PRMT1-mediated FLT3 arginine methylation promotes maintenance of FLT3-ITD+ Acute Myeloid Leukemia

The presence of FLT3-ITD mutations in patients with acute myeloid leukemia (AML) is associated with poor clinical outcome. FLT3 tyrosine kinase inhibitors (TKIs), although effective in kinase ablation, do not eliminate primitive FLT3-ITD + leukemia cells, which are potential sources of relapse. Thus understanding mechanisms underlying FLT3-ITD + AML cell persistence is essential to devise future AML therapies.
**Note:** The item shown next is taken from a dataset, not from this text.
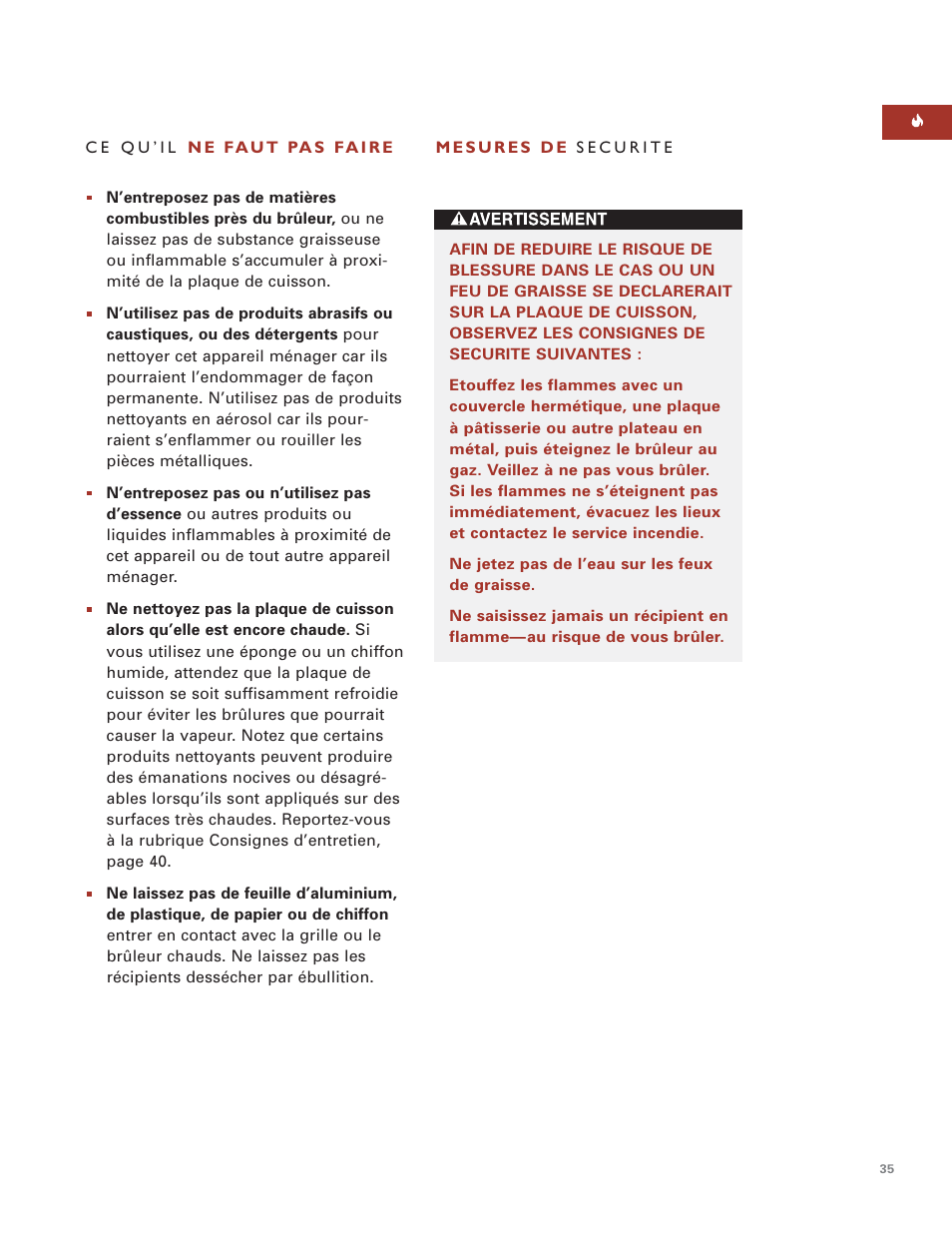 Wolf MULTI FUNCTION COOKTOP ICBIM15 User Manual | Page 35 / 72
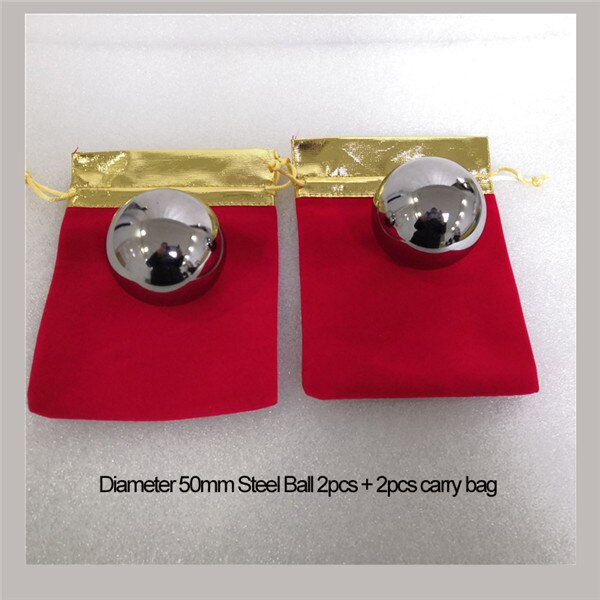 fast diameter 50mm eller 60mm hånd massasje exersice stål ball understreke lettelse Fitness helse massasje baller baoding jern ball: 50mm 2 stk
Here, we show that expression of PRMT1, the primary type I arginine methyltransferase, significantly increases in AML cells relative to normal hematopoietic cells. Genome-wide analysis, co-immunoprecipitation assay and PRMT1 KO mouse studies indicate that PRMT1 preferentially cooperates with FLT3-ITD contributing to AML maintenance. Genetic or pharmacological inhibition of PRMT1 markedly blocked FLT3-ITD + AML cell maintenance. Mechanistically, PRMT1 catalyzed FLT3-ITD protein methylation at arginine 972/973, and PRMT1 promoted leukemia cell growth in a FLT3 methylation-dependent manner. Moreover, effects of FLT3-ITD methylation in AML cells were partially due to crosstalk with FLT3-ITD phosphorylation at tyrosine 969 (Y969). Importantly, FLT3 methylation persisted in FLT3-ITD + AML cells following kinase inhibition, indicating that methylation occurs independently of kinase activity. Finally, in both patient-derived xenograft (PDX) and murine AML models, combined administration of AC220 with a type I PRMT inhibitor (MS023) enhanced elimination of FLT3-ITD + AML cells relative to AC220 treatment alone. Our study demonstrates that PRMT1-mediated FLT3 methylation promotes AML maintenance and suggests that combining PRMT1 inhibition with FLT3 TKI treatment could be a promising approach to eliminate FLT3-ITD + AML cells.